Uno de los activos más importantes que las empresas, los ejecutivos y los colaboradores deben cuidar es la confianza. Es un aspecto vital en la sociedad actual, en donde cada vez menos personas confía en las organizaciones y en las instituciones.
Es por esto que en la cultura empresarial, y en el desarrollo de habilidades gerenciales de los equipos de trabajo, es necesario recalcar la idea de confianza. Cuando hay confianza, las personas dan un paso al frente de manera voluntario, y trabajan de forma óptima, conjunta y eficiente. Teniendo un propósito y un objetivo común, asumen riesgos y piensan de forma creativa.
Pero esta confianza, se crea o se destruye. Es un valor vulnerable, y por esto es un activo deseado y necesario. Sin embargo, y pese a su importancia, los equipos tienen dificultades para desarrollarla y, sobretodo, mantenerla.
Para el desarrollo de la confianza en la organización, podemos mencionar algunos aspectos importantes para implementar:
Compromiso:
Cada miembro de la organización debe asentar un compromiso con el alcance de sus objetivos.

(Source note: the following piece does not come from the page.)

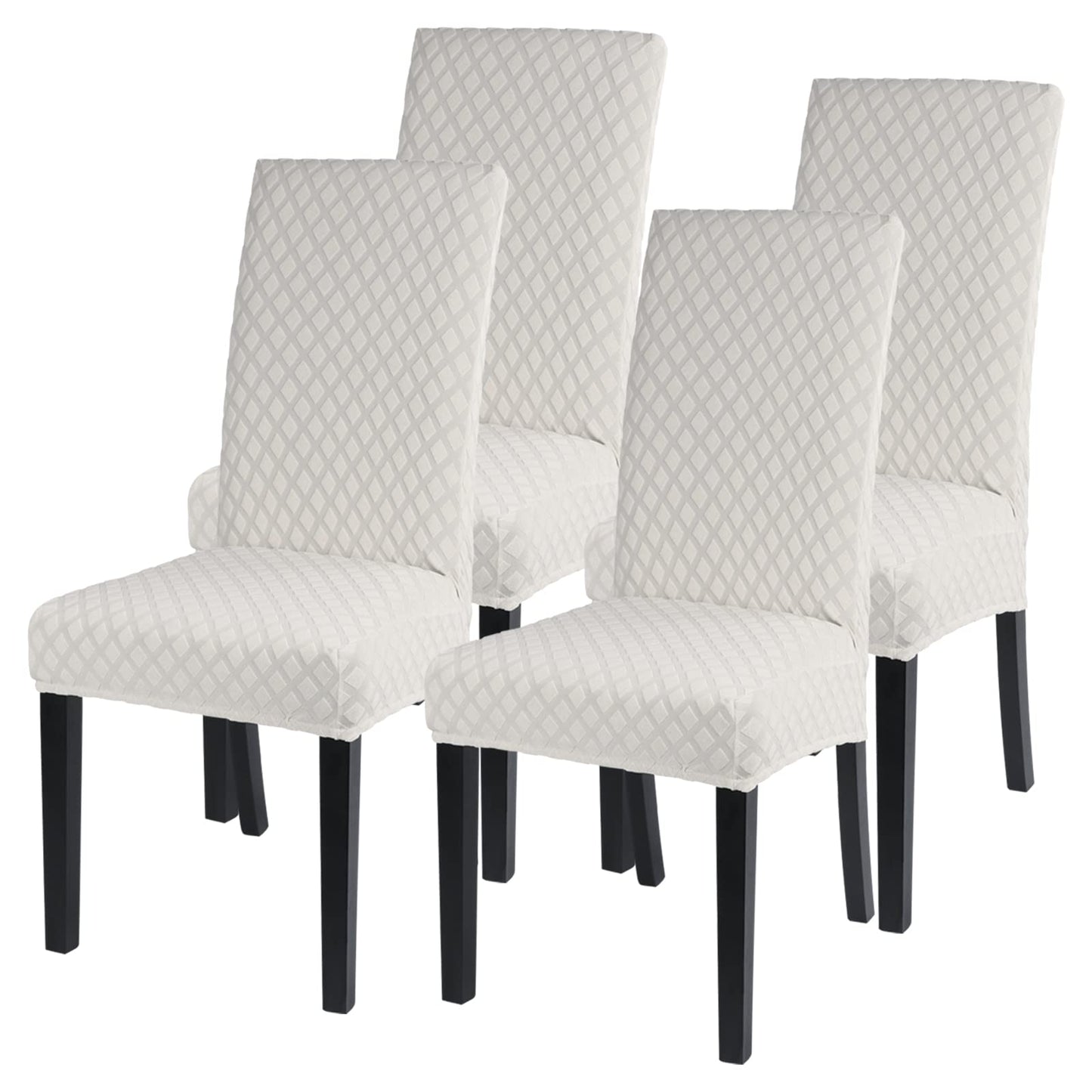 JuneJour Dining Chair Covers Set of 4 Stretch Removable Washable Kitchen Chair Slipcovers Elastic Spandex Fabric Chair Protector Covers for Dining Room(White) Off-white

Esto implica enfoque hacia los objetivos y tareas propias, confiando en que los demás colaboradores cumplirán también con su parte.
Comunicación:
Es imprescindible la comunicación consistente en el equipo para la generación de confianza. Cuando se comparten las ideas y opiniones, sin miedo a que otro se adjudique una de estas, estamos cultivando la confianza. Esto también incluye compartir información relevante, y que las personas también hagan un feedback de los temas más relevantes.
Competencia:
Reconocer las habilidades y debilidades, tanto propias como las de los otros miembros, ayudará a trabajar en la cohesión del equipo.